Besides that, Brad’s wife, Denise, had been Lily Brogan’s best friend in high school. I was afraid Brad might turn green if he heard the news about Lily from bigmouth Whitney.
“Tommy says it was the most gruesome thing he’s ever seen.” Whitney looked positively giddy. “And that’s not even the best part. You’ll never guess.”
“Whitney,” I said in warning.
She shot me an evil look but kept talking. “They found a MedicAlert bracelet, too.”
I knew what she was doing. She was showing off to Mr. Jones and the rest of the world, trying to prove that she knew more about what was found in the lighthouse mansion than I did. Because Tommy had obviously told her I was there.
“Whitney,” I said again.
“What?” she snapped.
“Tommy wouldn’t want you talking about a police case.”

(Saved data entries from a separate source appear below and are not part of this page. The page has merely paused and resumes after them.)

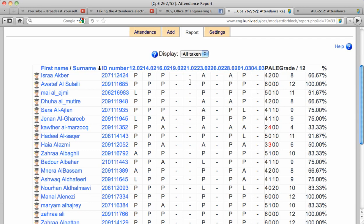The days that I don't take attendance, it will have a dash, it will not be counted either from the attendance date or the grades.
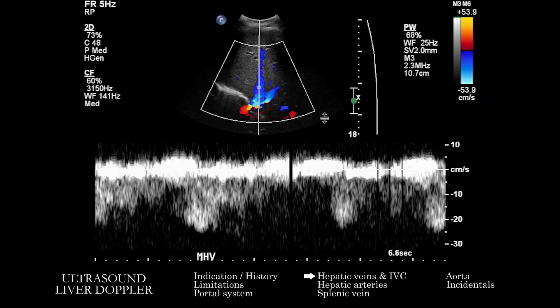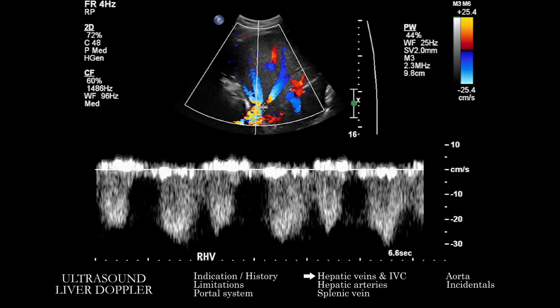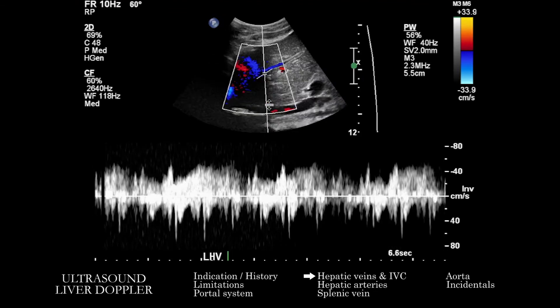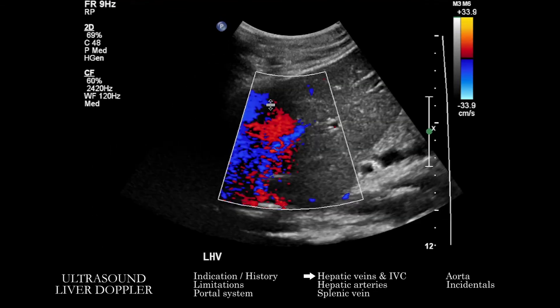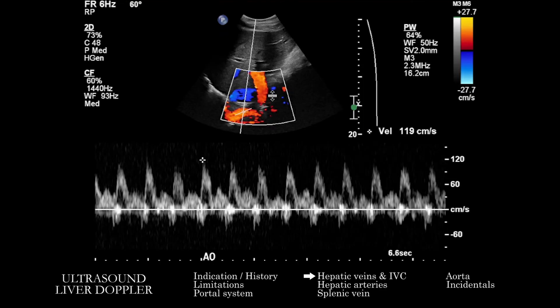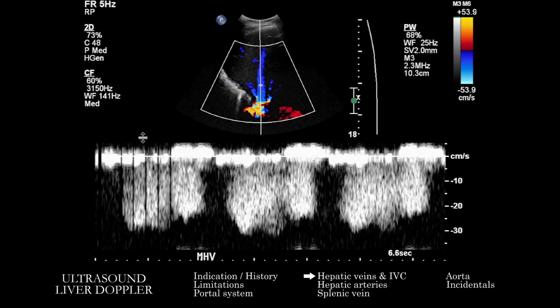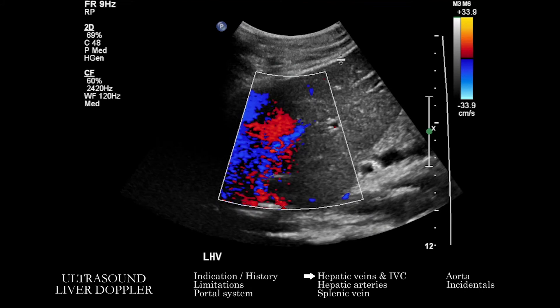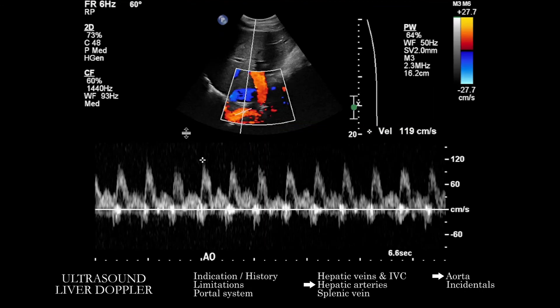We're going to look at the hepatic venous vasculature — the right, middle, and left hepatic veins. It's also worth mentioning that sometimes this exam is done concurrently with a right upper quadrant study, where you may have more grayscale images that are useful to correlate between the two. Having finished the hepatic venous vasculature area, we then head into the aorta and the hepatic arterial system.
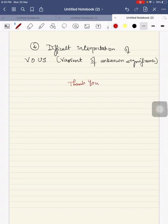Thank you. Please subscribe, like, share, and comment on my YouTube channel. Thank you.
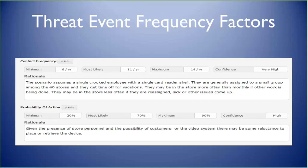For the probability of action: minimum is about a 20% chance the person would take action when they walk into the store with this shell. Most likely about 70% — they know the store systems, they know where the cameras are, they know the managers are in the back room, and they may be in the store outside of store hours when employees aren't watching. Maximum probability about a 90% chance they'll get that reader shell placed, and we're also looking at the retrieval side. Confidence is pretty high — the person will have enough situational awareness to know when it's safe. As we saw in the video, removing that shell was very quick.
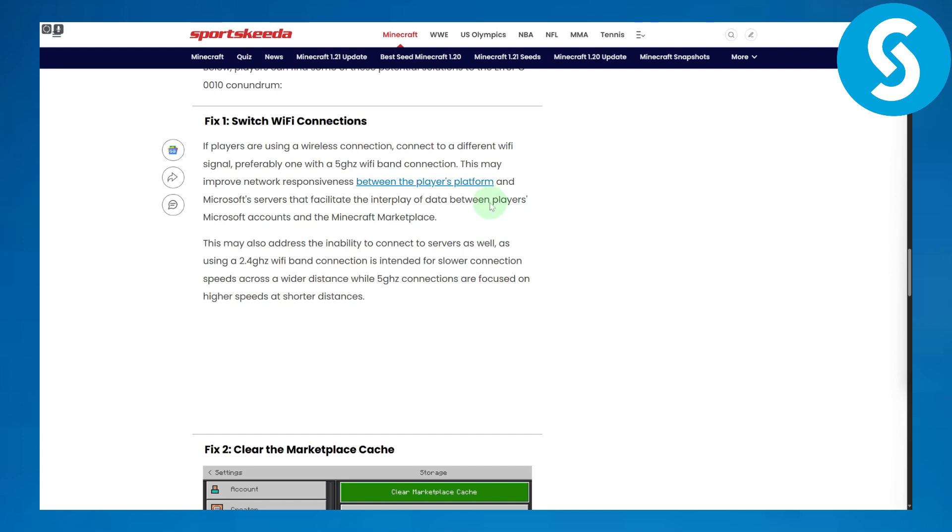The first fix is to switch WiFi connections. Sometimes this could be causing an error, so make sure to restart your router, check if your ISP is working perfectly fine, and ensure your WiFi is providing the maximum output. Preferably, a 5GHz band is recommended.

She planted her hands on her hips. “How do you know what Tommy would or wouldn’t want?”
“Okay, let me rephrase that. Chief Jensen wouldn’t want you talking about it.”
Those must’ve been the magic words, because she immediately began to pout. “You think you know everything.”
“Not everything, but I do know that Chief Jensen swore us all to secrecy. So if something leaks out, I’ll be sure to let him know who was talking about it.”
“You’re a little snitch, you know that?”
“And you don’t know when to shut up.”
She glowered, and I knew what it meant to have someone shooting daggers at me. But I didn’t care. She shouldn’t have been talking about the bones.
Whitney tossed her hair back and turned, deliberately ignoring me as she grabbed Mr. Jones’s arm to get his attention. “Listen to this, Brad,” she murmured. “They think the bones were—”
His cell phone rang at that moment and he held up his hand to stop Whitney.
Saved by the bell, I thought.
“Hello?” Mr. Jones said, and smiled. “Hi, honey. Everything okay? What?” His smile disappeared and he shot me a look of pure fear. “I’ll be there in ten minutes.”
“Is Denise all right?” I asked. “Is she hurt?”
“The police just arrived at my house,” Mr. Jones whispered, his face turning paler by the second. He turned to Whitney. “They think the remains of the body they found in the lighthouse mansion were Lily Brogan’s.”